Review: On Being a Pastor

Len Flack on June 23, 2007 at 12:00 pm

On Being a Pastor CoverI purchased this book the day before I was installed as a pastor at North Country Fellowship. Being my first pastorate, I thought a book addressing the practical aspects of pastoral ministry might be appropriate.

On Being a Pastor was co-written by Pastors Derek Prime and Alistair Begg, and also includes foreword by R. Albert Mohler, president of Southern Seminary. The authors both hail from Scotland, though Begg has spent nearly 30 years ministering in the United States.

Attention is paid to a well-rounded variety of the aspects of pastoral ministry, including calling and character, prayer, scriptural study, preaching. However, the book also touches on a pastor’s personal devotions, how one’s labor can influence his marriage and family, and how to avoid temptations unique to pastoral work. The sections are well-developed, and highly practical.

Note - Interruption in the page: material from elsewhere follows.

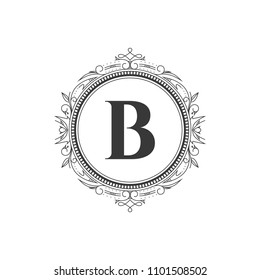 B initial letter logo template with luxury ornament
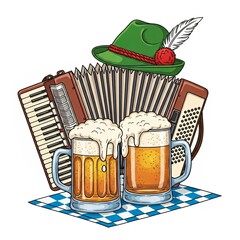 Oktoberfest beer mugs with foam, green alpine hat and accordion on blue checkered napkin, festive cartoon palette, party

To support the thesis of each chapter, the manuscript is peppered with quotes and stories from different pastors’ sermons and memoirs. Many of these illustrations are drawn from Reformed ministers of days past, such as Charles Haddon Surgeon, Alexander Whyte, W. E. Sangster, and Martyn Lloyd-Jones. As a young pastor, these excerpts were especially helpful, and I regularly found myself checking citations in the back of the book to look for future reading.

They make a point to clarify that they don’t desire to see pastoral ministry become a “professional” pursuit, an idea that John Piper expands upon in his own book, Brothers, We Are Not Professionals. Early in the book they state that the distinction between clergy and laity, while useful in some ways, has been misunderstood over time and has become an unbiblical and unhealthy paradigm. In many ways, I resonate with that sentiment, and it plays out on how I do pastoral work in my own church.

Prime and Begg write from a significantly different church culture and life-background than my own, which obviously makes for some disconnects in ministry approach and social understanding. However, these differences were eye-opening and helpful to me, and more often than not I found myself saying “Yes!” Overall, I found the book to quite enjoyable.